Punta Arenas’ own expert, Claudio Casiccia, is equally noncommittal.
“If this trend continues for four, five, six years, then I think that’s a sign the ozone is recovering,” said the Chilean, who monitors the skies via sophisticated instruments on the roof of his Ozone Laboratory at the University of Magallanes.
Computer models suggest ozone should recover globally by 2040-2050, Casiccia pointed out. “But global ozone is one situation” – it was depleted by 6 percent over the United States, for example – “and Antarctica is another situation.”
Casiccia and others worry that unforeseen new compounds might damage the ozone shield. And they are troubled by the granting of exemptions from the Montreal Protocol.
On Nov. 26, at negotiations in Prague, Czech Republic, a dozen nations, including the United States, Canada and some European countries, won continued exemptions for use of methyl bromide, an ozone-depleting agricultural pesticide that was to have been phased out this year.
Chemist Mario Molina, who shared a 1995 Nobel prize for identifying the ozone threat, protests that substitutes are available. “Any exemptions for further emissions will delay the recovery of the ozone layer,” he said by telephone from Cambridge, Mass.
Environmentalists at the Prague meeting worried that continued exceptions for rich countries could undermine the Montreal treaty itself, by discouraging poorer countries from meeting their own later deadlines – to end CFC use by 2010, for example.
In Punta Arenas, ozone is a here-and-now concern for Dr. Jaime F. Abarca, the city’s lone dermatologist, who with Casiccia’s help conducted the only detailed studies of local sunburns, skin cancer and UV-B levels.
Abarca reported in a British dermatology journal that incidence of skin cancer leaped from 65 cases recorded between 1987 to 1993, to 108 in the following seven-year period. He says additional research, with international aid, is urgently needed.

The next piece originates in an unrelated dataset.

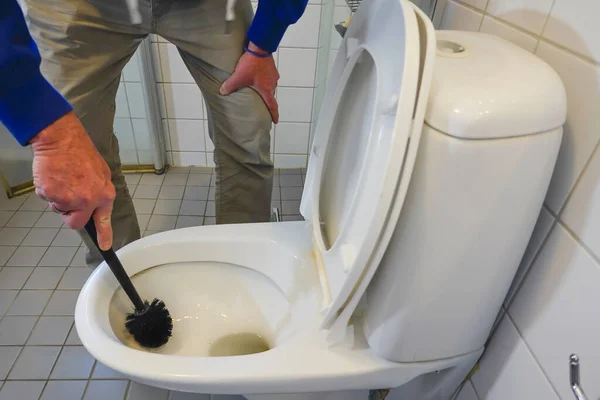 Een Man Poetst Een Toilet Schoon Een Appartement — Stockfoto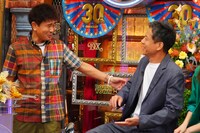 左からダウンタウン浜田、勝村政信。(c)読売テレビ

The annual shrinking of the hole – the area where ozone drops below 220 Dobson units – doesn’t mean the danger ends for Punta Arenas. Even in December, below-normal ozone levels combine with a higher-angled, more direct sun to produce “red alert” days, announced via 131 prominent signs posted at schools, office lobbies and other key points, modeled on a traffic light showing five alert levels ranging from green to violet.
Still, few are seen on the streets in dark glasses or shady hats. Fernando Carbacho wears his $100 UV-guard sunglasses rain or shine. “But not everyone can afford good glasses,” the 64-year-old retired soldier said.
Besides, he said, “people are contrary,” resisting being told what to do, including his 12-year-old granddaughter, who goes without protection.
“They know what the problem is,” Amarales said. “They just haven’t changed their habits.”